By Jens Leutloff, Senior Consultant
Partners4Access asked payer experts from France, Germany, Italy, Spain, and the Nordics what the key trends are for market access by 2025. Besides the financial challenge posed by high-cost innovative therapies, they will also influence how other drugs will be looked at.
- An increasing number of innovative therapies will force a ‘funding re-think’
An increasing number of high-cost innovative therapies such as CAR-T cell therapy or gene therapies, particularly for rare diseases, will be a financial challenge for many healthcare systems. To make these innovative treatments available to patients, our French payer expert assumes that savings will be required in other disease areas, to stabilize the overall budget. This will increase financial pressure on treatments for highly prevalent diseases such as Diabetes Mellitus Type 2, which have a high budget impact due to their large patient numbers and the projected growth of treatment costs.
According to our Italian and German payer experts, these innovative therapies will also require payers to re-think their position on “innovative funding” such as managed entry agreements (MEA) and risk-sharing. Currently payers across Europe are reluctant to implement such agreements, partly due to the high management effort associated with such agreements. In the case of high-cost, single-use (curative) treatments, the benefits of MEAs may outweigh the relatively high effort. This will be even more relevant if a significant percentage of patients does not respond to a certain treatment, or relapses.
Our Spanish payer expert considers payments in several yearly installments as another option for such single-use treatments to alleviate the cost pressure on the healthcare budget. This has not yet been widely discussed in financially stronger countries like Germany, but as the number of high-cost treatments increases, it could become more relevant. Also, in the context of risk-sharing, installments might be demanded by payers to take into account the probability that patients turn out to be non-responsive or relapsed.
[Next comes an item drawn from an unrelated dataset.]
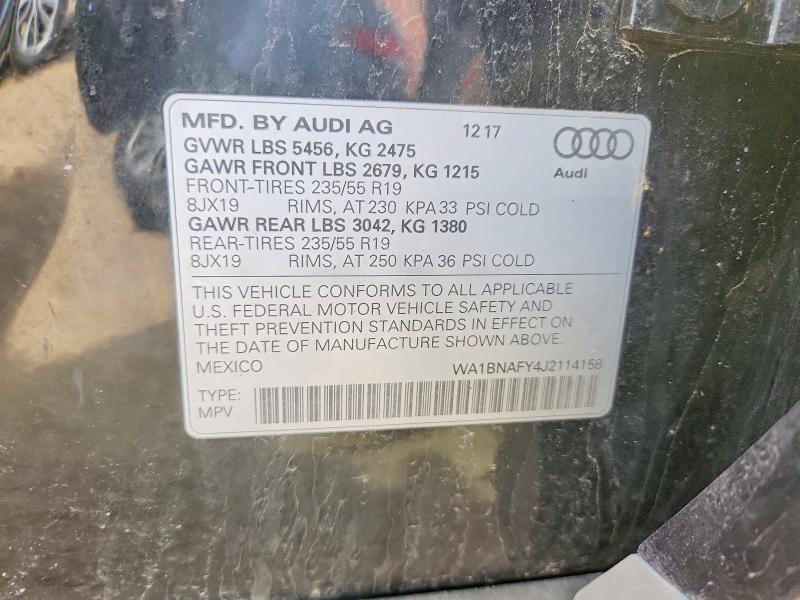 Продажа на аукционе авто 2018 Audi Q5, vin: WA1BNAFY4J2114158, номер лота: 47581596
2. More price transparency across member states
Due to the price setting mechanisms for innovative drugs in most European healthcare systems, there is a discrepancy between published list prices and the net prices which are actually paid. This makes international price referencing (IPR) difficult if not impossible. According to our payer experts, health authorities both in Italy and France are thinking about ways to increase price transparency, e.g. by collating this price information in a data base, or by obliging manufacturers to disclose net prices in other countries. Since many European healthcare systems rely on IPR, especially in smaller countries, they might support these efforts.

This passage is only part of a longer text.